Ciao. Mi chiamo Samuele, e ho otto anni. Li avrò per sempre otto anni, sì. Non diventerò grande, non avrò un futuro, non ho nemmeno più un passato. Però sono qui, insieme a mamma e papà.
Sono stato il primo ad essere stato estratto da sotto le macerie di quel ponte crollato a Genova. Stavamo andando a mangiare dal nonno, per poi imbarcarci sul traghetto e andare in vacanza in Sardegna. Avevamo tutto con noi, caricato in macchina. Quella mattina pioveva forte. “E’ una bomba d’acqua, tesoro, non aver paura. Siamo quasi arrivati dal nonno, adesso mangiamo” diceva la mamma.
Poi quel rumore, come una bomba vera. Io una bomba vera non lo so come fa, ma sembrava di essere in quelle scene dei film. Volevo stringere il mio pallone, per non perderlo, invece è rotolato via, fuori dalla macchina. E’ diventato tutto buio.

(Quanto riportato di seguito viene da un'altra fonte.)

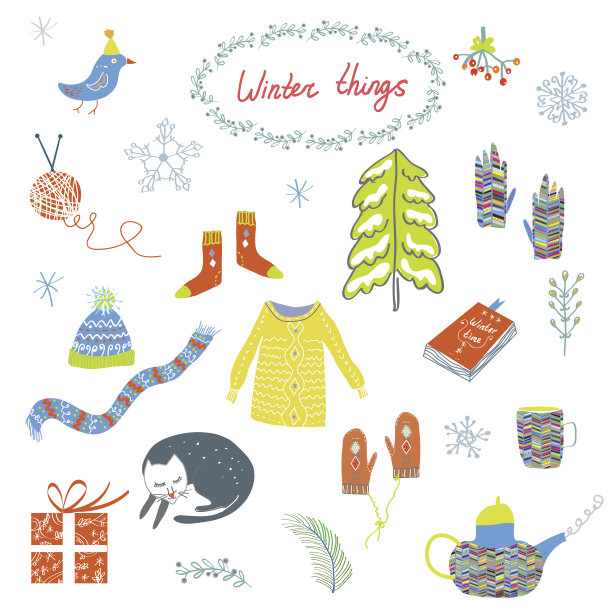 冬季和圣诞节的标志设置-有趣的设计图片下载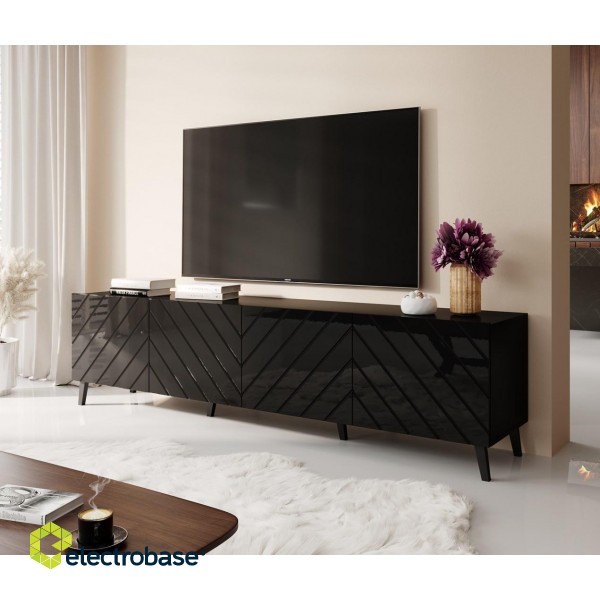 RTV cabinet ABETO 200x42x52 black glossy image 3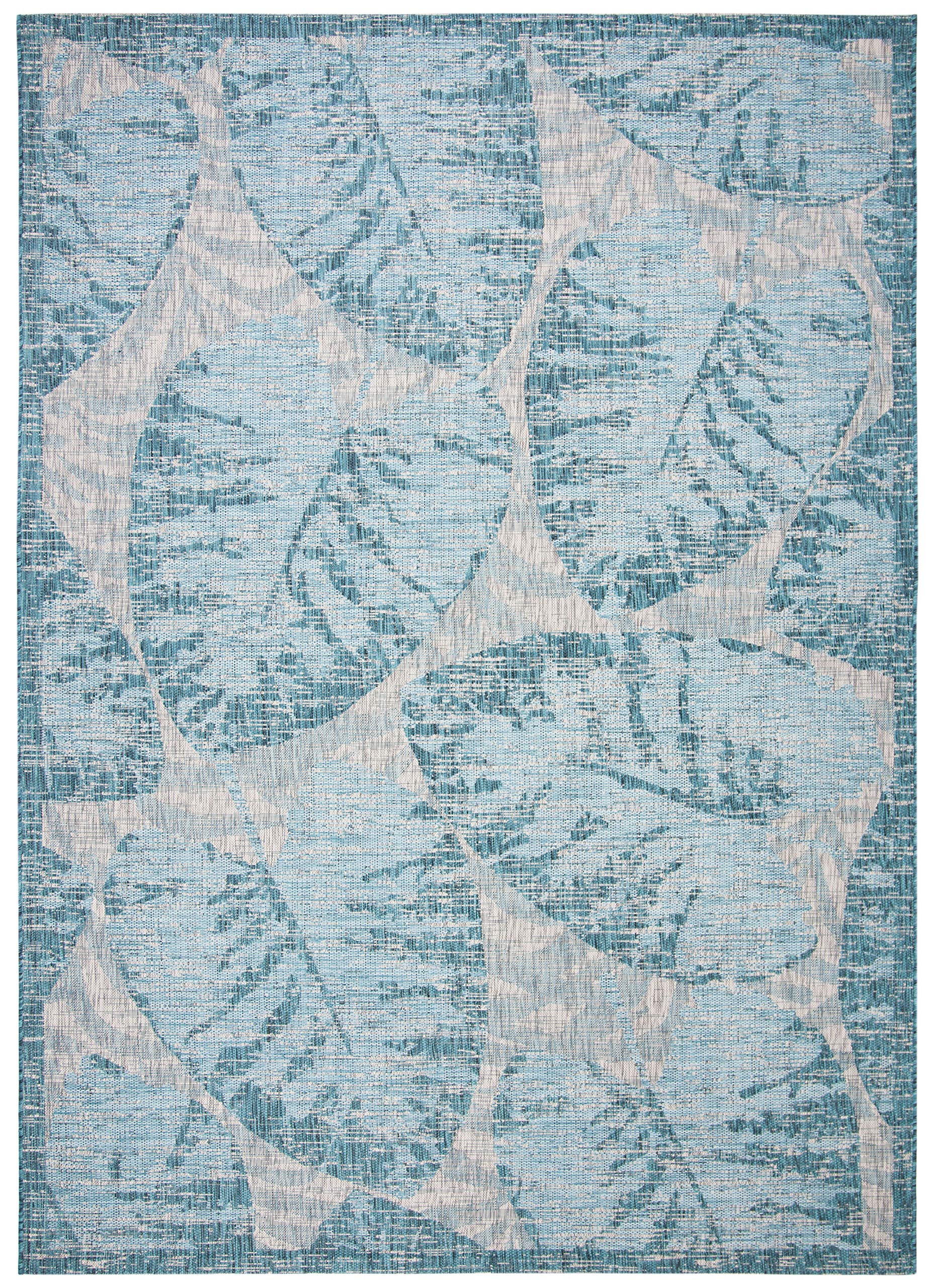 SAFAVIEH Courtyard Collection 8' x 10' Grey Aqua Indoor Outdoor Waterproof Rug - Easy to Clean, Stain Resistant for Patio, Backyard, Mudroom, Deck & Poolside Use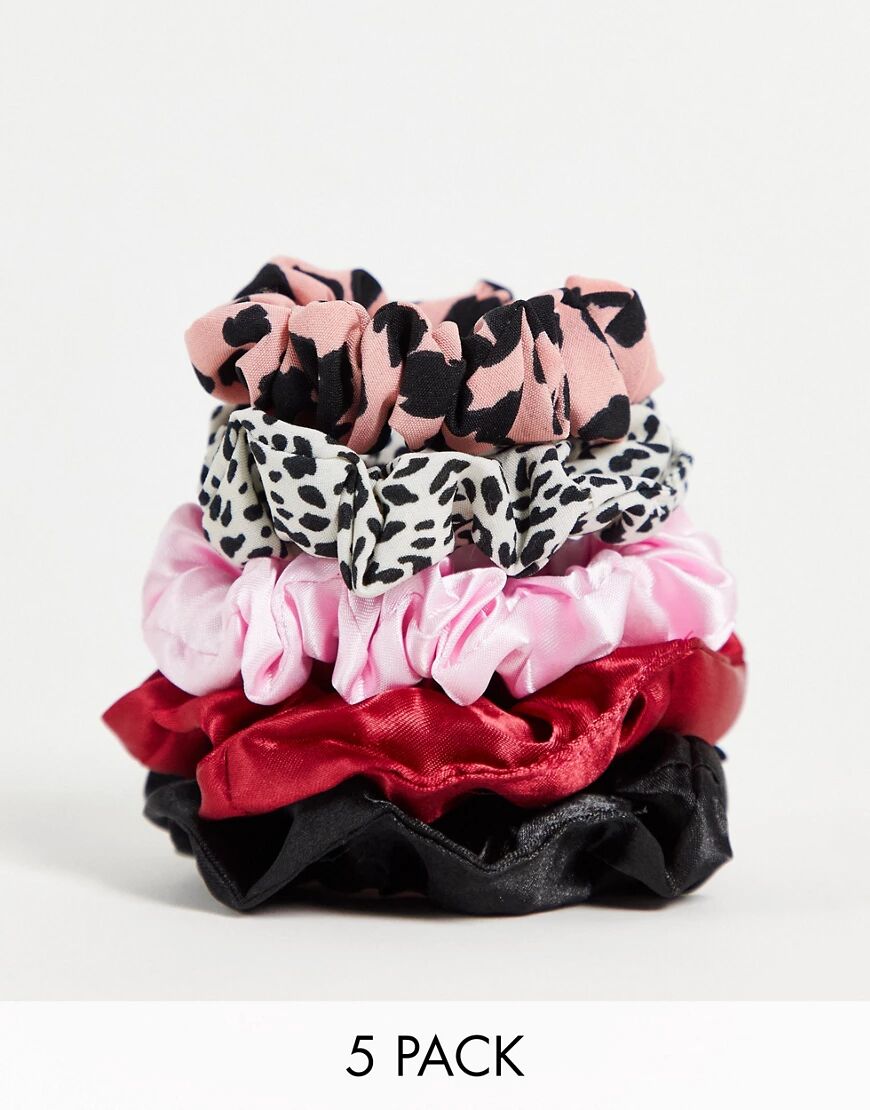 DesignB London x5 pack scrunchies in satin mix-Multi  Multi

Ho sentito delle voci gridare “Qui, venite qui!” e ho visto un signore con una divisa che stava scavando con le mani fra il terriccio e le pietre per raggiungermi, poi mi ha preso con le sue mani forti rigate di sangue e di pioggia, mi ha stretto tra le braccia e mi ha portato via da lì. Ecco, io lo guardavo mentre piangeva, camminando sui detriti per portarmi lontano da quel luogo terribile. Volevo prendere il mio pallone, era lì, ma le mie mani non riuscivano ad afferrarlo. Erano diventate trasparenti, come fatte di luce.
E mentre quell’uomo si allontanava portando via il mio corpo oramai senza vita, ho pensato che se fossi diventato grande avrei voluto fare come lui. Uno di quegli uomini con la divisa che stavano facendo il possibile e l’impossibile in cerca di un miracolo. Una di quelle persone che in silenzio e senza proclami giorno dopo giorno, notte dopo notte, puliscono la coscienza di tutti. Avrei voluto essere come lui, spendermi senza risparmiare forze per tentare di salvare le persone e piangere trovando solo cadaveri. O forse sarei diventato ingegnere, e avrei progettato un ponte che avrebbe, invece, salvato tutti.